RAW DATA
▬▬▬

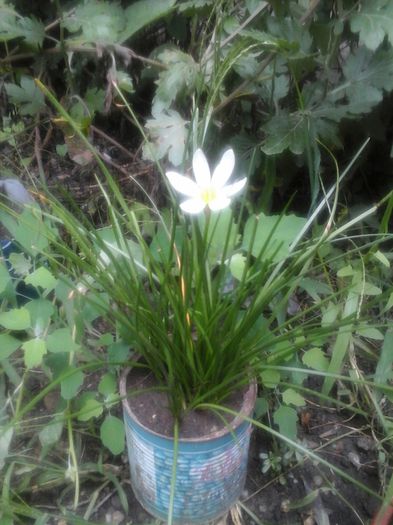  - florile mele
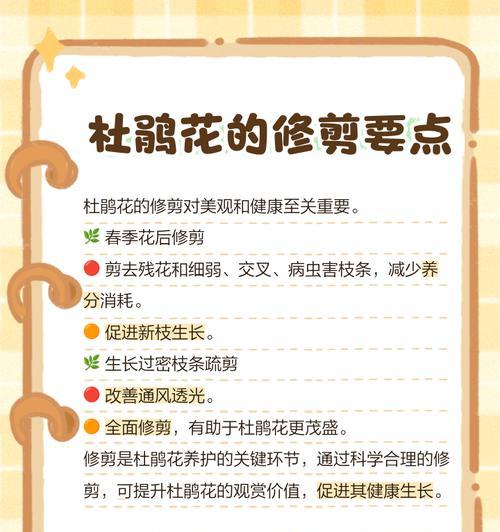 杜鹃花种植需要注意哪些事项？
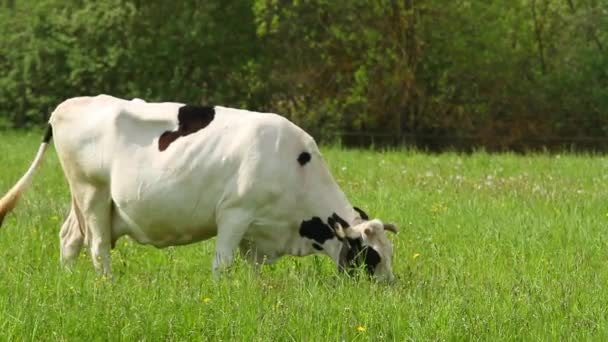 Vacas — Vídeos de Stock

▬▬▬

AIM OF THE TASK
The material above must be set down word for word, with no picture carried over.

RESULT OF THE EXERCISE
  - florile mele
 杜鹃花种植需要注意哪些事项？
 Vacas — Vídeos de Stock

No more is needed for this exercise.